Characterization of the Thermodynamic Stability of Neocarzinostatin

K.Jayachithra1, T.K.S.Kumar2, Ta-Jung Lu3, Chin Yu2*, and Der-Hang Chin1*

1.    Department of Chemistry, National Changhua University of Education, Changhua, Taiwan.

2.    Department of Chemistry, National Tsing Hua University, Hinschu, Taiwan.

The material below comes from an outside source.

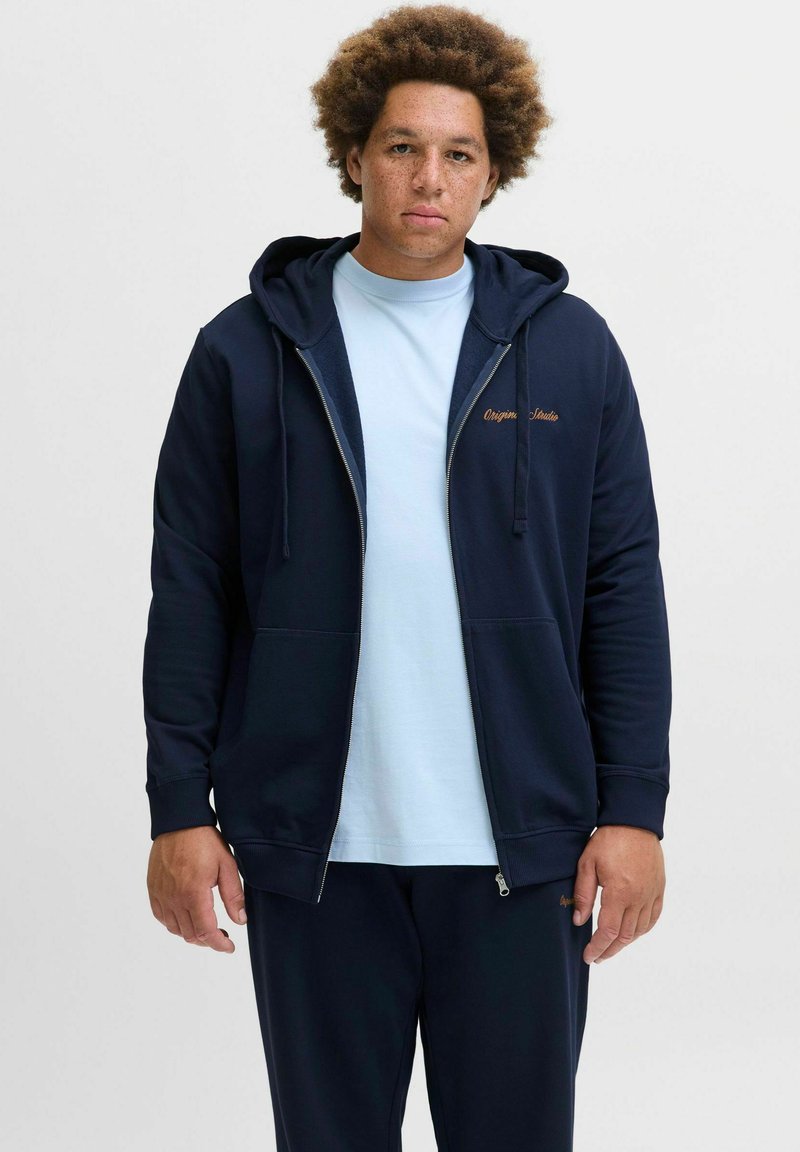 Tamsiai mėlynas zip-up gobtuvas, pagamintas iš medvilnės mišinio, su kengūros kišenę ir siuvinėtu "Origin Studio" logotipu. Nešiojamas ant šviesiai mėlynos marškinėlės.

3.    Department of Chemistry, National Chung-Hsing University, Taichung, Taiwan.

Abstract

Neocarzinostatin (NCS) is a ~11.0KDa, DNA-nicking protein antibiotic isolated from Streptomyces carzinostaticus . The NCS holoprotein (holo-NCS) consists of a fluorescent chromophore which is tightly but noncovalently bound to the protein. Although NCS is a complex of the chromophore and the protein, the biologically active component of NCS is the chromophore. In pursuit of understanding the stability conferred on the protein by the chromophore, in the present study we investigate the thermodynamic stability of NCS under variety of conditions. Conformational stability of apoNCS at various pH conditions monitored using fluorescence spectroscopy revealed that the protein is stable in the pH range 3.0 to 5.0. The stability of the protein is found to decrease progressively with the increase in pH (Ph>5.0). Further, results of the urea denaturation experiments show that the free energy of the unfolding of the protein decreases significantly under alkaline conditions. These results would be elaborately discussed.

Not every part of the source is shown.